UV output on individual bulbs will vary depending on the brand, and how the bulb is installed in the enclosure. It is important to seek the advice of experienced keepers when installing your bulb, as mesh type, distance from the basking platform, and the brand of bulb will vary it’s output.

UVB Bulb outputs degrade as they age, with most lasting 6 - 12 months. It is important to adhere to the manufacturer guidelines and replace bulbs as recommended.

What does UVB do?

UVB is crucial for the natural production of Vitamin D3, which regulates calcium and phosphate metabolism.

So, how does it go from radiation to vitamin?

7-dehydrocholesterol or 7-DHC is a compound that is synthesised in the liver from cholesterol. It is then transported in the blood to the skin.

7-DHC absorbs UVB radiation and undergoes a process called photosiomerisation. This process converts 7-DHC to previtamin D3.

The body then uses heat to further process the previtamin D3. In humans and other endothermic (warm-blooded) animals, body heat is used for this. However, in ectothermic (cold-blooded) reptiles, an external heat source is required for this process.

The previtamin D3 then travels through the bloodstream to the liver and kidneys, where it undergoes additional metabolic processes to become active Vitamin D3.

Vitamin D3 is crucial for regulating calcium and phosphate metabolism in the body, all of which is essential for bone health and other physiological functions.

Although UVB is crucial for the above process, overexposure can be dangerous and it is important to ensure you are using appropriate equipment and that it is set up safely. Failing to do so will result in the over or under absorption, which can have dire consequences.

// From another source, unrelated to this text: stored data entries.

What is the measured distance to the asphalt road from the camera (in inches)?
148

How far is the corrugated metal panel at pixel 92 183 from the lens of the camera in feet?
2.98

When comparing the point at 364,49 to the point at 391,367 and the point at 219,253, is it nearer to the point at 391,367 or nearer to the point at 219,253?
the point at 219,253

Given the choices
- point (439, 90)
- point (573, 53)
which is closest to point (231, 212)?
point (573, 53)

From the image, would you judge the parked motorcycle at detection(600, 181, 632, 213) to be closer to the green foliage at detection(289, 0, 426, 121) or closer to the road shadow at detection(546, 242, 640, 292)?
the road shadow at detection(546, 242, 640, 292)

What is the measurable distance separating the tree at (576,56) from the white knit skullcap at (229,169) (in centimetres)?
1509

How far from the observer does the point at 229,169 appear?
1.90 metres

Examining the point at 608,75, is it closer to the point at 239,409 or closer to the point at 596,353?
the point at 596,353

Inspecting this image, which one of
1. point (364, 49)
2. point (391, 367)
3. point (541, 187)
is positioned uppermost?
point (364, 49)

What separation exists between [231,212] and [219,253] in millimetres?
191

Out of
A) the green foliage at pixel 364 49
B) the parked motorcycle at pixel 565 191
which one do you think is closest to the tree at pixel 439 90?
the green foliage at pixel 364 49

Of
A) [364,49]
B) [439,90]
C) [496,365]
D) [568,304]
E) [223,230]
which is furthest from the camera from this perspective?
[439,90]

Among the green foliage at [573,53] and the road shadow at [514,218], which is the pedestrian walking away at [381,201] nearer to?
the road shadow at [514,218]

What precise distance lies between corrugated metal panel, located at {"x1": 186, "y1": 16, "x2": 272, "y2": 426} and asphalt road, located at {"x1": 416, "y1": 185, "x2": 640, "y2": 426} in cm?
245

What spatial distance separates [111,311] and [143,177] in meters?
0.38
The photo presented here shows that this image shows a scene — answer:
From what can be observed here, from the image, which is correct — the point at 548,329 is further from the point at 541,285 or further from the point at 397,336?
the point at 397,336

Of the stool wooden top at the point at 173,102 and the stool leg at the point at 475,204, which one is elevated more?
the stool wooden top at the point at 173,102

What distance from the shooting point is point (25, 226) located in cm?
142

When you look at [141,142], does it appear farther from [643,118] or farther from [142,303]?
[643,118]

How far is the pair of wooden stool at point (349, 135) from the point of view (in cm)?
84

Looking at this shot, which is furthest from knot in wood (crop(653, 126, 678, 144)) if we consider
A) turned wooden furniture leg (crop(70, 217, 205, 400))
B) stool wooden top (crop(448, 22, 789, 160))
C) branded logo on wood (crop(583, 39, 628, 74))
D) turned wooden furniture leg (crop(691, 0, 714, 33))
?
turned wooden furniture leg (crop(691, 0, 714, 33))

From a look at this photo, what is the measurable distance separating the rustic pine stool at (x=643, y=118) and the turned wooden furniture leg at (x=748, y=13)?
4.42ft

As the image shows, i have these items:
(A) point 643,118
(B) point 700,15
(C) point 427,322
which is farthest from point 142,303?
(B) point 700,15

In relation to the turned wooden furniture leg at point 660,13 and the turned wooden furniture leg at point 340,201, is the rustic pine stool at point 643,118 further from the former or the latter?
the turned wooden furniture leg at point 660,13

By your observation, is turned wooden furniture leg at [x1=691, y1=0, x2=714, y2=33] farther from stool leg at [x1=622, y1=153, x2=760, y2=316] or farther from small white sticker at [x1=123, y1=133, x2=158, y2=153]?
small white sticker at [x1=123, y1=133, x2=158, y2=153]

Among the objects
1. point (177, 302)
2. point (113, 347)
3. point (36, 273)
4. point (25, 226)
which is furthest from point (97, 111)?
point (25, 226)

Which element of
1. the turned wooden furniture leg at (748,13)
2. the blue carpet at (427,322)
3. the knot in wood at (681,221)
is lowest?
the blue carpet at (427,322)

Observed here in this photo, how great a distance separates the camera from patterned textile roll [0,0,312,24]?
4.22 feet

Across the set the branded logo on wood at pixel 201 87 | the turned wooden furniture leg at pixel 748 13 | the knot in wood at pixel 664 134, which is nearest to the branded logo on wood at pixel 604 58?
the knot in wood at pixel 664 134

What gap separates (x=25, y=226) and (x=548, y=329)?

7-DHC + UVB + Previtamin D3

Setting up UVB for Leopard Geckos

UVB should be set up with a clear gradient, allowing the animal to regulate how much they take in.

The UVB fixture should take up 1/3 of the enclosure, and sits on the warm side of the enclosure allowing the temperature gradient and the UV gradient to coincide.

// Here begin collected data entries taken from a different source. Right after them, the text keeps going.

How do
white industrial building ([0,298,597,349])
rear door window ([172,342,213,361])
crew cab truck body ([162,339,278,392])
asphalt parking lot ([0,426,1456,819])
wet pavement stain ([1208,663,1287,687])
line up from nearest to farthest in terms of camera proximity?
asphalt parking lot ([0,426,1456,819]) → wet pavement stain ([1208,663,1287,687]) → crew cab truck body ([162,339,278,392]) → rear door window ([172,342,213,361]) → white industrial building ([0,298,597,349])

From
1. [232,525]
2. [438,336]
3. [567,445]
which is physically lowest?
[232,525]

A chart showing how a UV gradient works in an enclosure

Please note this diagram is not to scale, and should not be the sole reference point for setting up UVB in an enclosure.


Should albino Leopard Geckos have access to UVB?

Yes, albino geckos utilise UVB the same as non-albino animals. They can take longer to adapt to the light, and may need additional clutter in their enclosures, but they will use it.

I never see my gecko basking, is something wrong?

Leopard Geckos are crepuscular, and so don’t often actively bask. Instead, they will cryptic bask. This involves them poking a limb, tail, or nose into the light which will enable them to absorb UVB and infrared while remaining hidden. Being prey animals, they often find this preferable to being in the open.

What sort of UV bulb should I use?

It is easier to note which bulbs are not suitable. Coil or compact UVB bulbs will give off unstable levels of UV and can easily cause burns. Any bulb that offers both LED and UVB is unsafe - the technology for these is on the way, but isn’t there yet. For Leopard Geckos, UV bulbs should cover 33 - 50% of the enclosure, creating a smooth gradient of light. The specific bulb needed varies between enclosures and setups.

Do I need to use overhead heating with UVB?

It is best to use overhead heating for Leopard Geckos, as they provide a better ratio of infrared and therefore encourage natural behaviours such as basking. Heat Mats are inefficient and not suitable for Leopard Geckos.

A Bell Albino Leopard Gecko basking under UVB and a basking bulb on slate.